- **Goal of the exercise**
Go through the entries below and report how many lines contain the string "cells". Nothing but the number is wanted.

- **Entries shown**
_____
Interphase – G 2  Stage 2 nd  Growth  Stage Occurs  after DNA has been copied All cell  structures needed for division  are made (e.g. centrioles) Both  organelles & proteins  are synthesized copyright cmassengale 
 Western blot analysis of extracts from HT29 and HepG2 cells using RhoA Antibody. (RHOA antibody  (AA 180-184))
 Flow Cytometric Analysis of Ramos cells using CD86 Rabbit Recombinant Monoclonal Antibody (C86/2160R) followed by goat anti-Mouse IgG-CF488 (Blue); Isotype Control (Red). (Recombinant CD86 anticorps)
_____
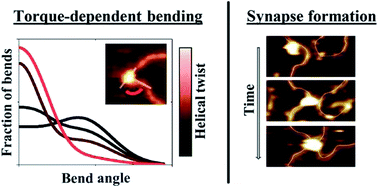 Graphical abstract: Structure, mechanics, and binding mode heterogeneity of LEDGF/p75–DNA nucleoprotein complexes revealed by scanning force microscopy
_____
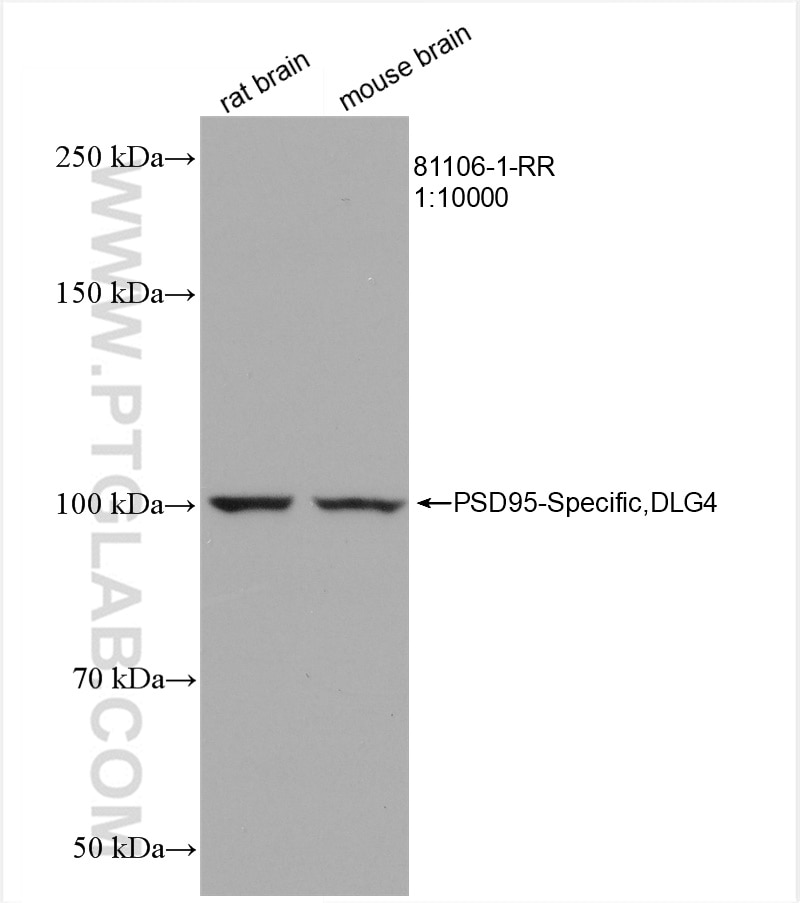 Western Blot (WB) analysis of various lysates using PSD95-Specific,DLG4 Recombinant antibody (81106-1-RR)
_____
- **Answer area**
2